EXERCISE DIRECTIONS
How many of the lines below contain "Shape"? Answer with that number alone.

** GIVEN RECORDS follows **

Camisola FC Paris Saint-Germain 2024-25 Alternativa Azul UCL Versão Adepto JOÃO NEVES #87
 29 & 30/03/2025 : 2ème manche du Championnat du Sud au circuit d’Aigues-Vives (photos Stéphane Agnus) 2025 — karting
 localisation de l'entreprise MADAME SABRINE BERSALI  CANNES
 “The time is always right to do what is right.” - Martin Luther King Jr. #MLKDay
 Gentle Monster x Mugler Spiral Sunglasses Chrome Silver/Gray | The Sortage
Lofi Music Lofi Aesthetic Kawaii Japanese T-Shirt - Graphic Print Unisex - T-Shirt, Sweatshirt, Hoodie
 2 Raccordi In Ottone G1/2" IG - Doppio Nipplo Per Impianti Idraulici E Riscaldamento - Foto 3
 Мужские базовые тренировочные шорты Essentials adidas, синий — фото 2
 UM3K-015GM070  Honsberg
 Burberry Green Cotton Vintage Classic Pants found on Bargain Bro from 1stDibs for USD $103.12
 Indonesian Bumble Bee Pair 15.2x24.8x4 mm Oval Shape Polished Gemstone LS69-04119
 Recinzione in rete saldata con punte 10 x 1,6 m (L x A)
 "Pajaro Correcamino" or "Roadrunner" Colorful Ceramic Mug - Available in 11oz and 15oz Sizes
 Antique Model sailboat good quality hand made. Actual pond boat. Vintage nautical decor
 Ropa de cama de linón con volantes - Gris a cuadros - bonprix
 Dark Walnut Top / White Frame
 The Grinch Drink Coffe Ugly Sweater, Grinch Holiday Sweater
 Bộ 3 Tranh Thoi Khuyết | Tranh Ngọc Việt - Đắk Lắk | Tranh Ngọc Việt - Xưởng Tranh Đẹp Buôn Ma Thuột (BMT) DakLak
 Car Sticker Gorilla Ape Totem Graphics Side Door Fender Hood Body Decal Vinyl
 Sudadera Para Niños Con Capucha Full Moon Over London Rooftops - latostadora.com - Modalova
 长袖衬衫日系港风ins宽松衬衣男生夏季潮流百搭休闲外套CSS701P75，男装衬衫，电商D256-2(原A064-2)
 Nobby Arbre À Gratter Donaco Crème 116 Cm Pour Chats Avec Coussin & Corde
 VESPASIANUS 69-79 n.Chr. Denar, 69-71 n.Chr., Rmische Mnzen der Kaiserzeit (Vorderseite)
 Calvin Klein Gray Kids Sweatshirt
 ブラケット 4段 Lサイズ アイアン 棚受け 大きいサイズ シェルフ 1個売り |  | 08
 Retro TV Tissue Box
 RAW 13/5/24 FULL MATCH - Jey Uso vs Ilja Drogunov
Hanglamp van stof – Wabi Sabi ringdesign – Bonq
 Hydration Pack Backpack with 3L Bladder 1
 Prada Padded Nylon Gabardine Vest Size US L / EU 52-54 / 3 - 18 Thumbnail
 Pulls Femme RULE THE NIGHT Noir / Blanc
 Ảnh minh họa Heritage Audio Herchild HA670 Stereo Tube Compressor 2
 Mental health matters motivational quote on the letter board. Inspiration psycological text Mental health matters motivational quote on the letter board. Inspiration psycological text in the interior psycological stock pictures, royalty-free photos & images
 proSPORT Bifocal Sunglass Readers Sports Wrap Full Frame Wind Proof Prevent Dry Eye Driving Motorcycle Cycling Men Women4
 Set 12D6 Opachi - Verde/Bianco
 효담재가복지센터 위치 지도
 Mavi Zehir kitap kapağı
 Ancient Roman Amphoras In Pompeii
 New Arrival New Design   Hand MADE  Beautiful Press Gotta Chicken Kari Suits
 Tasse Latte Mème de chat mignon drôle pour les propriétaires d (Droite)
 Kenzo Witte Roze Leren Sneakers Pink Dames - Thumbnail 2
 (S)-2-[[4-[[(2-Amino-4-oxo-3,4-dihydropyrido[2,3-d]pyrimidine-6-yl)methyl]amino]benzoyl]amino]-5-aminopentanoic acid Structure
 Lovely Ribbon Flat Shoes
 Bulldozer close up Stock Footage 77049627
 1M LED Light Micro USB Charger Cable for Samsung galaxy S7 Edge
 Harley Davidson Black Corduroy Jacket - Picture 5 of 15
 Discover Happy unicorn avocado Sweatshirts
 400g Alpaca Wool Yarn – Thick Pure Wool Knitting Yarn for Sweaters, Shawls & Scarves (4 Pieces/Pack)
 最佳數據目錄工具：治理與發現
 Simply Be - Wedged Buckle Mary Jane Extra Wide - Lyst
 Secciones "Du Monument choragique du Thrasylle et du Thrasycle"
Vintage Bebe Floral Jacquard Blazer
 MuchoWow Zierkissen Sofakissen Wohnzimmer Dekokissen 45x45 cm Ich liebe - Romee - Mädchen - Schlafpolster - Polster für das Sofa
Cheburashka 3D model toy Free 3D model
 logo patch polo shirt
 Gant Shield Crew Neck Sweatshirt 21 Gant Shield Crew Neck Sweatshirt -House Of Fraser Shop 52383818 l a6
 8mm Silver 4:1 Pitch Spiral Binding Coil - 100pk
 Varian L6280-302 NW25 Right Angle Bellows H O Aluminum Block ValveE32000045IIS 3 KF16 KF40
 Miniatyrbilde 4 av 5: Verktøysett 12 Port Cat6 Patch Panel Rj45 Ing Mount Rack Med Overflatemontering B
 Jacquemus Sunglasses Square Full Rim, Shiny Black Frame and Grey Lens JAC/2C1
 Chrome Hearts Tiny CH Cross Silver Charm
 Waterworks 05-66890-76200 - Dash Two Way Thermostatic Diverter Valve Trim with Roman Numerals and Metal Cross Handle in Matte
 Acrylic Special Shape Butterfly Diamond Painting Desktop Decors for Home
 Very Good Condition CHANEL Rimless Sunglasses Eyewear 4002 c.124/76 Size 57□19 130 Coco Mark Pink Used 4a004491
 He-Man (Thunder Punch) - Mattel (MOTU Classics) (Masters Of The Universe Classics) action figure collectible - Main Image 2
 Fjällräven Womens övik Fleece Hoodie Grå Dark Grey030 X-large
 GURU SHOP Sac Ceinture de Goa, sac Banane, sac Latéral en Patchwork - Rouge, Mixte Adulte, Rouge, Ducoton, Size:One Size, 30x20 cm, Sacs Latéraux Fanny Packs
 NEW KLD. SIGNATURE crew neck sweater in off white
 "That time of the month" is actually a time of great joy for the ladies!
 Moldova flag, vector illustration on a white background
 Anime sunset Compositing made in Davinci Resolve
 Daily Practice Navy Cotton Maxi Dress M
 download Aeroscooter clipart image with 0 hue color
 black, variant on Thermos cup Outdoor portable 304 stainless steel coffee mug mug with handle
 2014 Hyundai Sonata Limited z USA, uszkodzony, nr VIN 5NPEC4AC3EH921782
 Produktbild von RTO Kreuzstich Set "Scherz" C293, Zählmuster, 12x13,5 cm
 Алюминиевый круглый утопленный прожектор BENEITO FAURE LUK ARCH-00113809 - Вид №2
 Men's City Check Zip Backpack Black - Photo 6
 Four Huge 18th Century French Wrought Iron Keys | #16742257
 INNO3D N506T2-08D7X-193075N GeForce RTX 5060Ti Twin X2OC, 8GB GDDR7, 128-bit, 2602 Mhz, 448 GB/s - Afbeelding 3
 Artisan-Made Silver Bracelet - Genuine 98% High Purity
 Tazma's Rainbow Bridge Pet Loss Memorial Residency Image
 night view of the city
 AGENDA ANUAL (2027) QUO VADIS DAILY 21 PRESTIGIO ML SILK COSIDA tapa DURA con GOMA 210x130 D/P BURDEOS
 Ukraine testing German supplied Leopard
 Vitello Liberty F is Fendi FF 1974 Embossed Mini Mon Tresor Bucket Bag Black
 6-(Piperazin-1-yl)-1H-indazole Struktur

** End of GIVEN RECORDS **

SOLUTION TO THE EXERCISE
2